Rund 200 vor allem ältere Bürger warten nicht nur auf Superstar Gregor Gysi, unter ihnen auch ein Lehrerehepaar. Die beiden erinnern daran, dass dies bis in die DDR-Zeit hinein eine Arbeiterregion war: „Alle hatten ihr Auskommen, jetzt herrscht Verunsicherung.“ In dieser Lage erscheint ihnen ausgerechnet die Linke als verlässliche Kraft, als „Stabilitäts- und Ausgleichsfaktor“. Nathalie und Jakob, beide kaum 20 Jahre, trauen den Linken den Aufbau eines „Staats für alle“ zu. Sie sei „die einzige Partei, die etwas verändern kann“.

Riesenmasten im Thüringer Wald

Der Politologe Torsten Oppelland von der Uni Jena kann erklären, wie es zu solchen Aussagen kommt: Die Linke habe sich in Thüringen als die große Oppositionspartei profilieren können, was der SPD wegen ihrer Spaltung in den 90ern und der Koalitionen mit der CDU nicht gelang.

Ausschlaggebend dürfte außerdem sein, dass die Linke sich in Thüringen den Ruf der „Kümmererpartei“ erarbeitet hat, etwa nach dem Hochwasser im Juni 2013, als sich die Linke der Nöte der Überfluteten annahm. Mit diesem Engagement hat sie ihre kommunale Präsenz ausgebaut, und das kommt ihr nicht nur in strukturschwachen Orten wie Greiz zugute, sondern auch dort, wo es den Menschen wirtschaftlich relativ besser geht.

Südlich von Erfurt geht es über die Thüringerwaldautobahn vorbei an Gewerbegebieten, entlang der neuen ICE-Trasse und der Riesenmasten der umstrittenen Thüringer Strombrücke nach Arnstadt.

Der Wiederstand gegen die Stromtrasse hat der Linken Stimmen gebracht

Der Ilmkreis gehört zu den dynamischsten in Thüringen, obschon seit 2012 hier eine linke Landrätin amtiert. Petra Enders Weg ins Arnstädter Landratsamt illustriert, wie fest die Linke in der Region verankert ist. Enders, eine aparte Frau Mitte 40, trägt ein knallrotes Kleid. Aber die Bodenhaftung ist ihr deutlich anzumerken.

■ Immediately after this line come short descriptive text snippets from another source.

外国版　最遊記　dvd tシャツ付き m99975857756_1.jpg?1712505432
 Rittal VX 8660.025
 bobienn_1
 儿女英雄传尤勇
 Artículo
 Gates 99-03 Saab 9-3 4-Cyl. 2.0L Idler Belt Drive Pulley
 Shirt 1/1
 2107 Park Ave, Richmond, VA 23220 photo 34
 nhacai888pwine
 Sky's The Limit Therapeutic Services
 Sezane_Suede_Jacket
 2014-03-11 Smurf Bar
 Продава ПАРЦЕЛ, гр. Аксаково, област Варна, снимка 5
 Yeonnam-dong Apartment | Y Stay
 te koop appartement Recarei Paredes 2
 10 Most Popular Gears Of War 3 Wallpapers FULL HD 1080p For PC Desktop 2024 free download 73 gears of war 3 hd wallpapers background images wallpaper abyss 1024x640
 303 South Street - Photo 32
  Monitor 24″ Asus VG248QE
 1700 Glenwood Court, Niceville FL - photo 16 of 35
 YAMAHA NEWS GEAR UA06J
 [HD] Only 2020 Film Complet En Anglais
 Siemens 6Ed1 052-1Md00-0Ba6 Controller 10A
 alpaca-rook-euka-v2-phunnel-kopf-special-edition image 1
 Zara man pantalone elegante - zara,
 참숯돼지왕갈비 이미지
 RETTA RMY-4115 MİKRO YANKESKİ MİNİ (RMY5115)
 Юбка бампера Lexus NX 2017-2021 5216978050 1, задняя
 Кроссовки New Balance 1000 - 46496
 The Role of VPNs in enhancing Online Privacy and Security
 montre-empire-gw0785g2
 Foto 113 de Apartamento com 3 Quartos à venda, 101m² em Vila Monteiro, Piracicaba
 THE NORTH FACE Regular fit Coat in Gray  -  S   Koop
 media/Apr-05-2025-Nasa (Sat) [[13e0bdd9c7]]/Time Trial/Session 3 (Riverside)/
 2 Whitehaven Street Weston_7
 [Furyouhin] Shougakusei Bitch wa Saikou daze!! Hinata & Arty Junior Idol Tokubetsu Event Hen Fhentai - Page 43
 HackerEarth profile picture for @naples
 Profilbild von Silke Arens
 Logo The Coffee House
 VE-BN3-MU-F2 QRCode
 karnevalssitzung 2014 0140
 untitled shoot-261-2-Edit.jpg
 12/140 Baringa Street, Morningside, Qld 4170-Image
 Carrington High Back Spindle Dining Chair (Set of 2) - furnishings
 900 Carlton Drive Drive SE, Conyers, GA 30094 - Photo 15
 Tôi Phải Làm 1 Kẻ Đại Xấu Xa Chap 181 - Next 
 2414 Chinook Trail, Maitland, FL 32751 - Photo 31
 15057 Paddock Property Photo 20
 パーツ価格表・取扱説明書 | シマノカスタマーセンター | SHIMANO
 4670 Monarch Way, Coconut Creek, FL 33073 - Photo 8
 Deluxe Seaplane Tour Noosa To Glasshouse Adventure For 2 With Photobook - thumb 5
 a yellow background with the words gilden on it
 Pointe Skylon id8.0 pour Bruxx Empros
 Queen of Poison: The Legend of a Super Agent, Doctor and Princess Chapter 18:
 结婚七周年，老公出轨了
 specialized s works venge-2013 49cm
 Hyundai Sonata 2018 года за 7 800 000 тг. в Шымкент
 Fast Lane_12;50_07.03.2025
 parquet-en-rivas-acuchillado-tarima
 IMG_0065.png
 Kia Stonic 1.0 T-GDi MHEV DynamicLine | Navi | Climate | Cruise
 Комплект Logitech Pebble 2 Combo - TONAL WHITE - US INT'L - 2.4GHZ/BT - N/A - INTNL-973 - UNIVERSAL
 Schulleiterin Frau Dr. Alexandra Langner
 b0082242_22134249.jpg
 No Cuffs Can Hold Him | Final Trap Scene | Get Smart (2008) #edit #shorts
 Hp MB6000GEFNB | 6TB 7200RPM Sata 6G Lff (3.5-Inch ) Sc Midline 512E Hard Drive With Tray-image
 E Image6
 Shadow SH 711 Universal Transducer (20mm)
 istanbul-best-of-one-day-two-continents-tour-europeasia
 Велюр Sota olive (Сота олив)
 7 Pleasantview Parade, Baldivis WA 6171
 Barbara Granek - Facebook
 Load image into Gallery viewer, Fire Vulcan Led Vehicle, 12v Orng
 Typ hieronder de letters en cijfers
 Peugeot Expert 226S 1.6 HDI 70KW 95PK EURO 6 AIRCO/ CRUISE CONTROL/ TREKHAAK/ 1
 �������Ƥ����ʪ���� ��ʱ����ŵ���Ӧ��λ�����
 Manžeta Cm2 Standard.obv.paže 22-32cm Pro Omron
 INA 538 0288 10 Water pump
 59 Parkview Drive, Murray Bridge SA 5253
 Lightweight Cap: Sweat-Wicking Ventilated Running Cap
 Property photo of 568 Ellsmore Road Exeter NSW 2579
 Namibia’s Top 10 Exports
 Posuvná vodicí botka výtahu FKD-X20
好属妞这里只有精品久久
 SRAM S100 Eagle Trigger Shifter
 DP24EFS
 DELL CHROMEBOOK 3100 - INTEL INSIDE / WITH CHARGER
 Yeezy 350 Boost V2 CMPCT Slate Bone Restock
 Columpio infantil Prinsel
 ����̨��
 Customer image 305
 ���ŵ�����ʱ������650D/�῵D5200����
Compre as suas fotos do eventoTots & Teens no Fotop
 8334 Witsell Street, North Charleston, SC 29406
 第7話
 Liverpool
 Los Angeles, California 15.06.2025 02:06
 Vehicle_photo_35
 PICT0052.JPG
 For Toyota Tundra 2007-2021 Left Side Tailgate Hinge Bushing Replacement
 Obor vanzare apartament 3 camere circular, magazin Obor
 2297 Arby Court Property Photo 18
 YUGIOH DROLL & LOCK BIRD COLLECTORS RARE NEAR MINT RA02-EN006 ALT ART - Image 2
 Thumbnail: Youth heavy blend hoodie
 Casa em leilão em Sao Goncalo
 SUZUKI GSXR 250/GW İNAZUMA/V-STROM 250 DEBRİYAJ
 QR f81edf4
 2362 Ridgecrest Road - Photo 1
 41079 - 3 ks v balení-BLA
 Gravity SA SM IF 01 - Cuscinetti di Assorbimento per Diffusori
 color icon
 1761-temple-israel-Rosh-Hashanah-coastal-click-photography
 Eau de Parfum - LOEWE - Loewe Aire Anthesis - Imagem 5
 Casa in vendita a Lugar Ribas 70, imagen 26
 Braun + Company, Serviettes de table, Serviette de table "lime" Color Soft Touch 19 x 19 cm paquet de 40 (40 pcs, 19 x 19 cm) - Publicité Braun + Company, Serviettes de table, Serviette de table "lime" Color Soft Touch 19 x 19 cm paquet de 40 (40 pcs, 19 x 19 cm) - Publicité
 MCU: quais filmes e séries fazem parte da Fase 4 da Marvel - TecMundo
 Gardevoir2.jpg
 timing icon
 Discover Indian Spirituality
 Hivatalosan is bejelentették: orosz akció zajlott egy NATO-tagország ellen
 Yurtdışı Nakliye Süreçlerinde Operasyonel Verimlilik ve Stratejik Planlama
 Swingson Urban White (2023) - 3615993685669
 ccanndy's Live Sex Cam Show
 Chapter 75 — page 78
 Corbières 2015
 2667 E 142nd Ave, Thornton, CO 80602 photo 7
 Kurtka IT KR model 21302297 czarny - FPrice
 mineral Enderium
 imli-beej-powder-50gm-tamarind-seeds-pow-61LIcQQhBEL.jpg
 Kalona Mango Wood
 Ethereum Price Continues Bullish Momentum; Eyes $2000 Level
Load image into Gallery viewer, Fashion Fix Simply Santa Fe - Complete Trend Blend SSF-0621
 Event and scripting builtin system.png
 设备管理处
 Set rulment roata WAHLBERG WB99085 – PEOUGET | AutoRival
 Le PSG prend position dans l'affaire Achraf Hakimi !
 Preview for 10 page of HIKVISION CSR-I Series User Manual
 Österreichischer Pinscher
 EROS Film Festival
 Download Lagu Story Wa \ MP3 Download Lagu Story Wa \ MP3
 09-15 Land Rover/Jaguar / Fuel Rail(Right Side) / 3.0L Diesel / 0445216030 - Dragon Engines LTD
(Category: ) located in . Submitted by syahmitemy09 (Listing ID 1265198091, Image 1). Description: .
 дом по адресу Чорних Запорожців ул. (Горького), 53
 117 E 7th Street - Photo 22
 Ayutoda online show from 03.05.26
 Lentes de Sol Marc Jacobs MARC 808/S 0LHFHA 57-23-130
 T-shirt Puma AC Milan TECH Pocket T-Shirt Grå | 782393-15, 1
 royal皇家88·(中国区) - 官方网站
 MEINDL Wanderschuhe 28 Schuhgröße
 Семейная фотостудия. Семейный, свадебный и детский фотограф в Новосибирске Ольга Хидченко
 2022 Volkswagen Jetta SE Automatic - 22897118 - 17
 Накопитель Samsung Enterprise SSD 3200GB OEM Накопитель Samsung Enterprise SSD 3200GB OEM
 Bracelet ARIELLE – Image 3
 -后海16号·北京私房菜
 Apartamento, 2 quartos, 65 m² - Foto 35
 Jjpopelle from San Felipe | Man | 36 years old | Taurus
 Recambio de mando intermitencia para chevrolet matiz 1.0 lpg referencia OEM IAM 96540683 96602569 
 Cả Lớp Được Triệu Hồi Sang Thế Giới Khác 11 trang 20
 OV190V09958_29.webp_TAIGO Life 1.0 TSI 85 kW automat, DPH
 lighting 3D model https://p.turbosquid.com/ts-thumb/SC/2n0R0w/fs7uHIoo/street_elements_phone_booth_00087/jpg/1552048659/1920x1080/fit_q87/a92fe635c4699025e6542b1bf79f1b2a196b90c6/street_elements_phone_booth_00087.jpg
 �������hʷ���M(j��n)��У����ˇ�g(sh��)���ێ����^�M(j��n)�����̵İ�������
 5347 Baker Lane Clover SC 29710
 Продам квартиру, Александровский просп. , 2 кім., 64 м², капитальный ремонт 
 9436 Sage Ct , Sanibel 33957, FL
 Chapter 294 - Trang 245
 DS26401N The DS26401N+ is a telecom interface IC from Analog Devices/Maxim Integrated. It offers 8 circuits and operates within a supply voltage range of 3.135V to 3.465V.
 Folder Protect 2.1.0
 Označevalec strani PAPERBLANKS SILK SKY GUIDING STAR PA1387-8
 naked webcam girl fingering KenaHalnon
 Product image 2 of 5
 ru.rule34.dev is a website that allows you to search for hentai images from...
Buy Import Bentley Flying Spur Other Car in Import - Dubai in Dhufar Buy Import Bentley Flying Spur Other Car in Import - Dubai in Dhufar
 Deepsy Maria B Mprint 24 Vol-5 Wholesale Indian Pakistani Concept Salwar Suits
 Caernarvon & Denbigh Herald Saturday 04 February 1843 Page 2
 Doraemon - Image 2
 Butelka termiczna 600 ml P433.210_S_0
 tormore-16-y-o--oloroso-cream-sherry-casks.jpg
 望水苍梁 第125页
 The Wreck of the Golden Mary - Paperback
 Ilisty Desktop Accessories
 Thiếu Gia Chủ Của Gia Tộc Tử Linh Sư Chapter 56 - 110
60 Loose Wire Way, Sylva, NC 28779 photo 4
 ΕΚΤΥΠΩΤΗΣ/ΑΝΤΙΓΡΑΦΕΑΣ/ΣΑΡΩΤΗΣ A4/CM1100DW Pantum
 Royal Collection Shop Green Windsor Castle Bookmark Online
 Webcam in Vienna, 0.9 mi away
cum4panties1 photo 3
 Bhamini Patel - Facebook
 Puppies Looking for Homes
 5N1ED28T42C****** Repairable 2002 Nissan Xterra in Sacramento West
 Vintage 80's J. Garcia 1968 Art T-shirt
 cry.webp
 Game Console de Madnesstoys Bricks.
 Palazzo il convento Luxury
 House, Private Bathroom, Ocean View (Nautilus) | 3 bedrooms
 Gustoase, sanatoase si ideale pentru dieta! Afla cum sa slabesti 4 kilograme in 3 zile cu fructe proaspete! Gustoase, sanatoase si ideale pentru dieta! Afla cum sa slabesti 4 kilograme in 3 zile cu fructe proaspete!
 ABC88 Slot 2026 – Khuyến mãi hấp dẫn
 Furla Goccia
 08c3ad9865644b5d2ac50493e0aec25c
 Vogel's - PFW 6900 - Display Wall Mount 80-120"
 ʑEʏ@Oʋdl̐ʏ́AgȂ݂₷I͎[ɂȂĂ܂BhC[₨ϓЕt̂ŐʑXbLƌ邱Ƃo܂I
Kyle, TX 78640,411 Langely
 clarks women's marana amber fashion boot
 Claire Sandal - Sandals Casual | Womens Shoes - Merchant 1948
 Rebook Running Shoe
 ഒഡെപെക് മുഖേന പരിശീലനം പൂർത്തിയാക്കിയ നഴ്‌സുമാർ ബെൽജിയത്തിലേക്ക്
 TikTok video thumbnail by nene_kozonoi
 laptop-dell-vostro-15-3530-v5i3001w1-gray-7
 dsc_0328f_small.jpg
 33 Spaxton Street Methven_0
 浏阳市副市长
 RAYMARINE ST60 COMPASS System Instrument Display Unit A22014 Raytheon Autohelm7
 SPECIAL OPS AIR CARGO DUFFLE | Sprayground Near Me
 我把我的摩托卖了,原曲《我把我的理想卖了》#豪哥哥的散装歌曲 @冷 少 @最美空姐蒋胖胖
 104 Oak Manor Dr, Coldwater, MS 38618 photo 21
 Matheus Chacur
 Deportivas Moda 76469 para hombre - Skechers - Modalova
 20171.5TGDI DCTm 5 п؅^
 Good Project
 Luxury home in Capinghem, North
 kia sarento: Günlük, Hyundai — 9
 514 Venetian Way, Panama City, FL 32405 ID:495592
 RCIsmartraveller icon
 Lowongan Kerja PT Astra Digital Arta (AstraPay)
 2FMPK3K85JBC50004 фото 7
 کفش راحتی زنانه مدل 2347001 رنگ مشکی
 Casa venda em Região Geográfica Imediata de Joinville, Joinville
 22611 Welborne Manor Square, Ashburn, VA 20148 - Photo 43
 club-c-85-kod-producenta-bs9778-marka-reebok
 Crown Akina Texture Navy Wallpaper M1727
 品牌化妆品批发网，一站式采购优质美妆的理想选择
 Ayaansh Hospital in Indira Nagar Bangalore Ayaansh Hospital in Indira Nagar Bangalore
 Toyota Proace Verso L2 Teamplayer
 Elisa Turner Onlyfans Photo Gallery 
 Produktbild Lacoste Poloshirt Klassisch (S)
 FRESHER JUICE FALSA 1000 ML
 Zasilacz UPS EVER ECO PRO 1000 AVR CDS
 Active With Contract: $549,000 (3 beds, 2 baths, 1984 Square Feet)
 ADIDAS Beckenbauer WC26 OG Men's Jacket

Angefangen hatte sie noch in einem VEB der DDR, im Glaswerk Großbreitenbach. Nach der Wende führte ihre Fraueninitiative zu einem Beschäftigungsprojekt, aus dem 70 Arbeitsplätze in Kultur, Umwelt und Sozialarbeit hervorgingen. Sie gründete eine Wählergemeinschaft, gelangte in den Stadtrat, wurde Bürgermeisterin und 2012 eine von zwei Landräten der Linken in Thüringen. „Etwas Glaubwürdiges tun“, so beschreibt Petra Enders ihr Motto. Schule, Verkehr, Spielplätze, das sind Bürgerthemen.

Im Ilmkreis protestierten die Menschen besonders heftig gegen die markante Schneise, die die 380-kV-Strombrücke durch den Thüringer Wald schlägt. Enders konnte die Leitung nicht verhindern. Aber der Widerstand hat ihr Stimmen gebracht.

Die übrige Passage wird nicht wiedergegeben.